> SUPPLIED MATERIAL:
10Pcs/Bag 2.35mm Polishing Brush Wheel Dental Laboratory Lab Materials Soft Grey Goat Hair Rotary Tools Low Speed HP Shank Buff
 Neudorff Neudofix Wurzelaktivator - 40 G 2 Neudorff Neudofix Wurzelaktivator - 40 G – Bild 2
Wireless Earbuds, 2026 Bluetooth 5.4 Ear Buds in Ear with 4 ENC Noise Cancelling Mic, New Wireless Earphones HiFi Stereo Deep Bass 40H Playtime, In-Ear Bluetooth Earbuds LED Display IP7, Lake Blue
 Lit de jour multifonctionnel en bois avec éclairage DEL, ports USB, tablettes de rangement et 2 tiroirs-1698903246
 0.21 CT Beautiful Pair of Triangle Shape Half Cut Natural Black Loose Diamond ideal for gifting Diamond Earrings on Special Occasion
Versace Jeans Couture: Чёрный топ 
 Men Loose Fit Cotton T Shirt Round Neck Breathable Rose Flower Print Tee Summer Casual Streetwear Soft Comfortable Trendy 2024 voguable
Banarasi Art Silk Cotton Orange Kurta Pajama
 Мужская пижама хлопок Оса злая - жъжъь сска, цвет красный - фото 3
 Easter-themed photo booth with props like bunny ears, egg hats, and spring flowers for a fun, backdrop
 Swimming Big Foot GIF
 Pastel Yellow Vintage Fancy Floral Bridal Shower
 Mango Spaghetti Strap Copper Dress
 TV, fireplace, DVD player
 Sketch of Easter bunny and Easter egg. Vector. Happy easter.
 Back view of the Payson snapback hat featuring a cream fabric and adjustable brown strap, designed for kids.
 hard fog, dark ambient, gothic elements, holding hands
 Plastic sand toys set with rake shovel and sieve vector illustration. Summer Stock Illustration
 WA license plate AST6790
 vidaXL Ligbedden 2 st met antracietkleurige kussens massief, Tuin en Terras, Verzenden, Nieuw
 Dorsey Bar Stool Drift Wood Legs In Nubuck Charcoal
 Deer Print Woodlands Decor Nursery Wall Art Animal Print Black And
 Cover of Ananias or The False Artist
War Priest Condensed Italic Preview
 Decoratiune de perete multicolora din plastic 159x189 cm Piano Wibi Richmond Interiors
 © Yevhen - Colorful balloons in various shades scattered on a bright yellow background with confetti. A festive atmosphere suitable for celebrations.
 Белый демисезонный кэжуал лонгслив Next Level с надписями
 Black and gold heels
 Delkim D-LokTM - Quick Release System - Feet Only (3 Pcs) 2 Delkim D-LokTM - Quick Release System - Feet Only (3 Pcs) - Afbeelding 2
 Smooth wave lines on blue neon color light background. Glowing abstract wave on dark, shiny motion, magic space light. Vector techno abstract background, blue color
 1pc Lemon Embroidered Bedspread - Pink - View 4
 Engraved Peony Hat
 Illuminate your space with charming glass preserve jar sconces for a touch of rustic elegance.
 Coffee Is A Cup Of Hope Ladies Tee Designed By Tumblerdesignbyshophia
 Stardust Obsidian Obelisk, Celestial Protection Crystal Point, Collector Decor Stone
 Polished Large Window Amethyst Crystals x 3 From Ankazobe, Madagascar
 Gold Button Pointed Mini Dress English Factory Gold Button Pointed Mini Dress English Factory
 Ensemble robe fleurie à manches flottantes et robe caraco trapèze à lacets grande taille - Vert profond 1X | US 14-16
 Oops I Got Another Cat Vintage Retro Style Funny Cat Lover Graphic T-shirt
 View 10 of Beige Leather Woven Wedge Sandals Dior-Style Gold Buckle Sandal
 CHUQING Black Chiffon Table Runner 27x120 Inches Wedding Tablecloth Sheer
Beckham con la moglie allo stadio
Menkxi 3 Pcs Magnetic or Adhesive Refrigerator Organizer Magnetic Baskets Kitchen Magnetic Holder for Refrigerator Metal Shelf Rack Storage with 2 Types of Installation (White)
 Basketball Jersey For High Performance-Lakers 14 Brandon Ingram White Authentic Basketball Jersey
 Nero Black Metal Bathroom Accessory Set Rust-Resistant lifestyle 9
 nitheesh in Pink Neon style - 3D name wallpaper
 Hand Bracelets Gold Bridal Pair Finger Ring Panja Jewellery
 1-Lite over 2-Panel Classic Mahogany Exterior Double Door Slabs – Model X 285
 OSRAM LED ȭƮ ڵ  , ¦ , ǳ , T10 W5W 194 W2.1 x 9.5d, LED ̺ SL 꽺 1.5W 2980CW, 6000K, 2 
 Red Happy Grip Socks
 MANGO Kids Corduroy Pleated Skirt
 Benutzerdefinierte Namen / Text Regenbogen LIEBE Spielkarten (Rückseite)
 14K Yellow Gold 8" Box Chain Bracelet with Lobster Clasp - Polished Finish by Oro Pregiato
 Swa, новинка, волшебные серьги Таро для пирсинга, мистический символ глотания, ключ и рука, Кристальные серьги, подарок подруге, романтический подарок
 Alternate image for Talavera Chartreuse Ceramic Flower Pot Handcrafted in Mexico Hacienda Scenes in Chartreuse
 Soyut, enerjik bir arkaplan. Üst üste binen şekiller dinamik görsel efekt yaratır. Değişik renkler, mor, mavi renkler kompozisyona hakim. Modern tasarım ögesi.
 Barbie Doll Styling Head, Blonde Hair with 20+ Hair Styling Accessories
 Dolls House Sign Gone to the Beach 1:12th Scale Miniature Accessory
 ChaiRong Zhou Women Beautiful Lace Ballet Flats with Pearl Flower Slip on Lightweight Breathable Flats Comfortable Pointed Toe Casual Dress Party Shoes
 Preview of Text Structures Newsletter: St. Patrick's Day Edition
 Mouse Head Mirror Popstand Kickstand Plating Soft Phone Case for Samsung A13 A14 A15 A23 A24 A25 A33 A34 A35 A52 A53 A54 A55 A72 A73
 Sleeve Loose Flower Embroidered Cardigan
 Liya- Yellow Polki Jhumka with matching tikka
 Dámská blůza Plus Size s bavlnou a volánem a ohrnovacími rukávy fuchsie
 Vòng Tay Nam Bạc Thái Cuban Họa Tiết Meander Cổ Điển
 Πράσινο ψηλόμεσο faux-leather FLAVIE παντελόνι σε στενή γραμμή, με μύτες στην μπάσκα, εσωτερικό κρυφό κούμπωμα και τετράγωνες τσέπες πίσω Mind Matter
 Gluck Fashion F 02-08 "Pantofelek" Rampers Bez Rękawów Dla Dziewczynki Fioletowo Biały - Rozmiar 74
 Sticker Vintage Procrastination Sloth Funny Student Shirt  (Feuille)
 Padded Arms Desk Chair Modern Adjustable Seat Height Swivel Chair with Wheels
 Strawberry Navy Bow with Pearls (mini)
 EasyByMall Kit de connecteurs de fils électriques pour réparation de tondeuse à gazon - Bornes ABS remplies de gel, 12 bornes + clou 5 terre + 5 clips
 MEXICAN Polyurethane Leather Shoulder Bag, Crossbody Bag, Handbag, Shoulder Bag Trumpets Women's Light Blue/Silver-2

> ACTION ITEM:
Collect from the data above every line that includes "Pair".

> YOUR SOLUTION:
 0.21 CT Beautiful Pair of Triangle Shape Half Cut Natural Black Loose Diamond ideal for gifting Diamond Earrings on Special Occasion
 Hand Bracelets Gold Bridal Pair Finger Ring Panja Jewellery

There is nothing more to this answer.